The best generic lens brands are Sigma and Tamron but like Mike was saying, get the kit lens that comes with the Canon or Nikon. You will love it. They are not real expensive. Usually less than $200, sometimes only $100 purchased with the body as a kit. It will be a respective Canon or Nikon lens. It will have very good image quality. It might just be all you'll ever need. A lot of advice here at TPF is pro advice from pro's. They like the best stuff, the expensive stuff.


----------



## kalin0121 (Jan 11, 2012)

Nikon D5100 vs canon EOS T3i?


----------



## kalin0121 (Jan 11, 2012)

flatflip said:
			
		

> The best generic lens brands are Sigma and Tamron but like Mike was saying, get the kit lens that comes with the Canon or Nikon. You will love it. They are not real expensive. Usually less than $200, sometimes only $100 purchased with the body as a kit. It will be a respective Canon or Nikon lens. It will have very good image quality. It might just be all you'll ever need. A lot of advice here at TPF is pro advice from pro's. They like the best stuff, the expensive stuff.



Thanks great advise!


----------



## boofoo502 (Jan 12, 2012)

Start with the kit lens see what you really shot the most. Between the 2 I personally like the Nikon specs more but not the handling just don't fit me like the canon's do.


----------



## dennisgg (Jan 12, 2012)

I am a Canon user and one of the things with the entry level Nikon's is you don't have a focus motor in the body so you have less choice of lenses if you are looking at older lenses nor do they meter through the lens like the higher end Nikons.  While all the Canons do both of these.  Also the Canon mount allows for adapting most 35mm and quite a few medium format lenses.  This can open a whole different world for you.  I love using older lenses, granted you have to manual focus them and stop down to meter, but I have some beautiful lenses that I can't afford their modern equivalents.  Also the Nikon lenses are more expensive than the Canon equivalents.  Other than this - whichever you are more comfortable with.  Just my opinion.


----------



## kalin0121 (Jan 14, 2012)

dennisgg said:
			
		

> I am a Canon user and one of the things with the entry level Nikon's is you don't have a focus motor in the body so you have less choice of lenses if you are looking at older lenses nor do they meter through the lens like the higher end Nikons.  While all the Canons do both of these.  Also the Canon mount allows for adapting most 35mm and quite a few medium format lenses.  This can open a whole different world for you.  I love using older lenses, granted you have to manual focus them and stop down to meter, but I have some beautiful lenses that I can't afford their modern equivalents.  Also the Nikon lenses are more expensive than the Canon equivalents.  Other than this - whichever you are more comfortable with.  Just my opinion.

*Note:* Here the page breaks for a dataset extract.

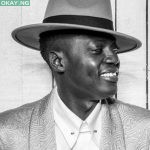 Sound Sultan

Thanks! Do you know if old 35mm minolta lens can be adapted to fit a canon?


----------



## Beast95 (Jan 14, 2012)

Honestly, you can get just about anything to fit a Canon. Even nikon! (Yes, there is a $200 adapter to fit Nikon lenses on a Canon! I doubt you'll ever need it anyways but, well, it's there) I highly reccomend Canon, but I am a little biased, because everyone in my family shoots Canon. Also, if you don't mind getting a lightly used camera, you could probably find a reeeally nice camera on eBay dirt cheap. I bought my 20D on eBay for like $250... Almost brand new. Got 2 decent lenses pretty cheap too. Honestly, I suggest you do what I did; get a 20D-40D on eBay for under $400, and have enough money leftover to get a couple nice lenses and a good flash!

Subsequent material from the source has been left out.